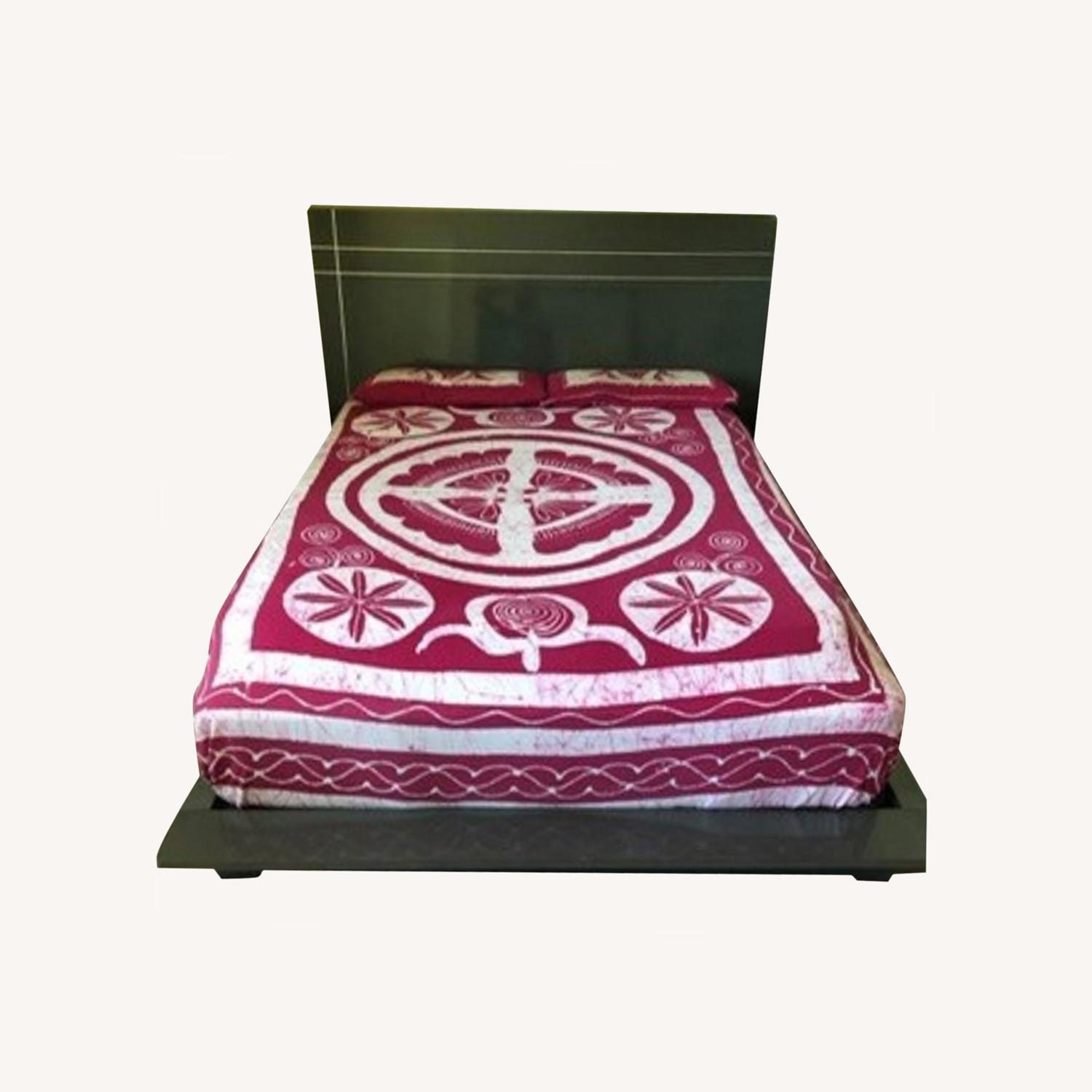 Bob's Discount Platinum Queen Headboard/Footboard AptDeco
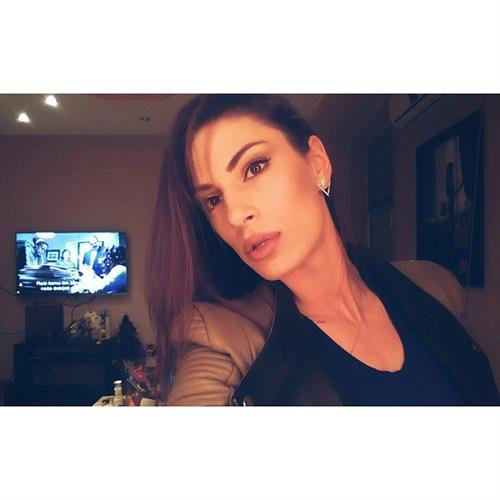 Ivana Španović taking a selfie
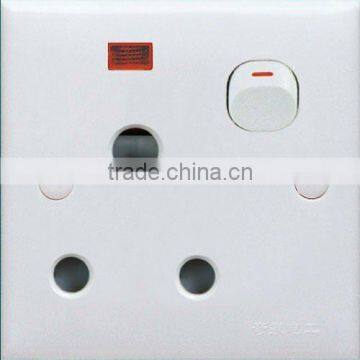 1 gang 15A round pin wall socket with red light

- - - -

* TASK REQUIREMENTS *
When you copy the listing above, reproduce every line exactly and skip the images.

* RESPONSE TO THIS TASK *
 Bob's Discount Platinum Queen Headboard/Footboard AptDeco
 Ivana Španović taking a selfie
 1 gang 15A round pin wall socket with red light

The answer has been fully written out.